Текст книги "Встречи"
Автор книги: Борис Рощин
сообщить о нарушении
Текущая страница: 19 (всего у книги 30 страниц)
Потом распилили мы со стариком несколько сухих трухлявых бревен. Карп Иванович, хоть и держался одной рукой за поясницу, пилу по бревну водил легко и твердо и, по обыкновению, не умолкал:
– Это я изобку Марии Трофимовой на дровишки раскатал. Она, почитай, годков десять как померла уже. Скоро, ествую, всю деревню в печи спалю. Эвон Ольгина изобка да Егора Карася только и остались, да ешшо забор к скотному двору.
Несколько бревен покрепче, посвежее старик откатил в сторону, пояснил:
– Эти на мост пойдут под прогоны. Я все мосты от поселка до Раковки в аккуратности содержу. Может, сын из Новгорода в отпуск приедет, у него машина своя. А Колька, внук, на мопеде своем, ествую, где хочешь без моста пройдет. Ой крутой у меня внук, ой хороший! На тракториста выучился, скоро в армию пойдет, а вина в рот не берет. Лучше, говорит, деда, я лимонада бутылку выпью, чем вина. Я, говорит, деда, в поселке после армии жить не стану. Женюсь, в Раковке дом построю. Потому как красиво здесь и Ловать рядом, рыба. Внук мой способный на спиннинг рыбу ловить.

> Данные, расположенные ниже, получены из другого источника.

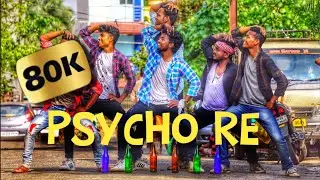 Psycho Re Dance Cover Song By Queen's Crew - ABCD - Prabhu Deva - Govinda Choreography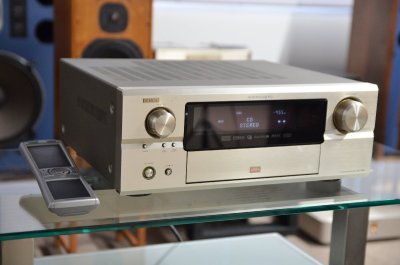 DENON デノン　AVC-3890　　AL24 Processing Plus搭載AVアンプ　　　　（1418）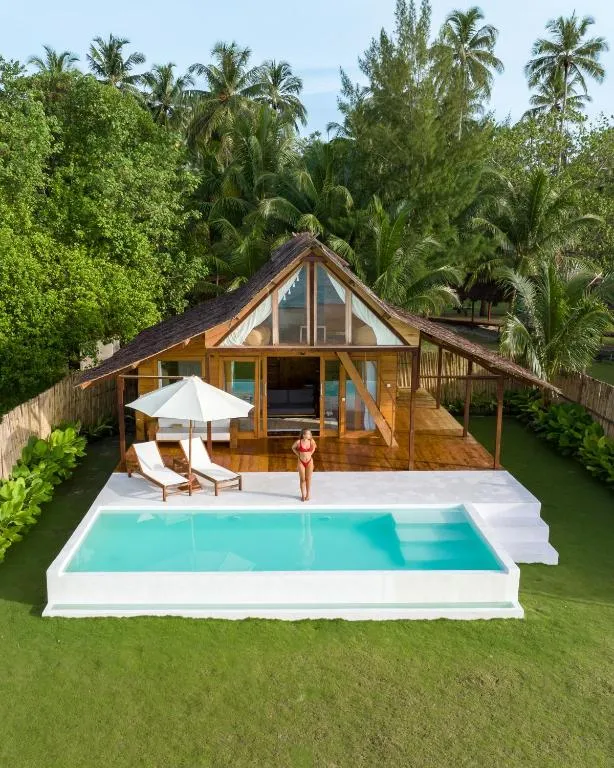 AWERA RESORT，位于Tuapejat的酒店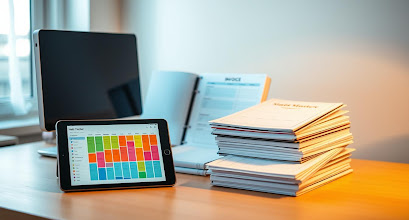 Earn Digital Planners & Templates: Design Planners, Habit Trackers, Invoices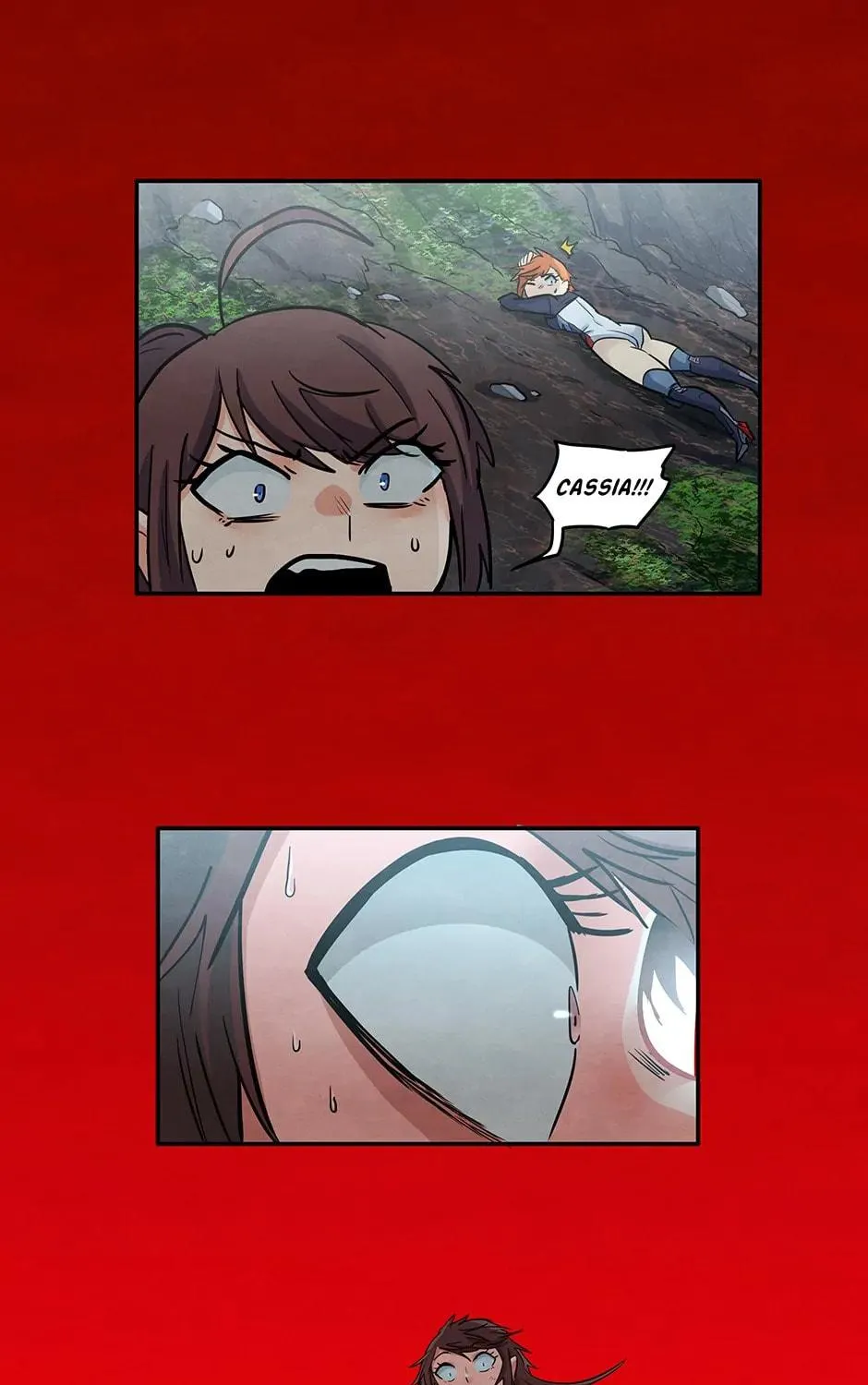 Summoner Chapter 19 page 9 -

– Где же он здесь работать будет? – удивился я.
– Работать он в поселке наметился трактористом, а жить – здесь, в Раковке. Лучше, говорит, я каждый день по семь верст туды и обратно делать буду, чем в поселке в болоте жить. И дружок его Серега, и ешшо двое приятелей порешили после армии в Раковке дома построить. Может, и оживет ешшо деревня. Эвон глянь, красота какая вокруг, благодать. Антип-то Фомин, дружок мой, в Руссе на пятом этаже живет с газом, а поросенка в ванне держит, ествую. Колька, внук, говорит мне: мы, деда, с робятами дорогу сюды в Раковку бульдозером разровняем и мосты починим. Я, говорит, деда, «Москвич» куплю и на работу на ем ездить буду. А в выходной день в Руссу поеду или в Новгород в магазины или хошь в музей, а то и в ресторан. Ежели в Раковке осядешь, хоть и в моей изобке пока, помогу тебе на «Москвича», Кольке говорю. Все по-твоему сбудется, ежели три заповеди мои соблюдешь. Первое: по любви женись и жену выбирай не в хороводе, а на огороде. Хорошая жена горшком в дом наносит, чего мужик возом не навозит. Второе, говорю, Колька: вина лучше никогда не пей, вот как ты сейчас. А ежели выпьешь, шутки с ним не шуткуй. Чтобы был ты всегда своей голове хозяин.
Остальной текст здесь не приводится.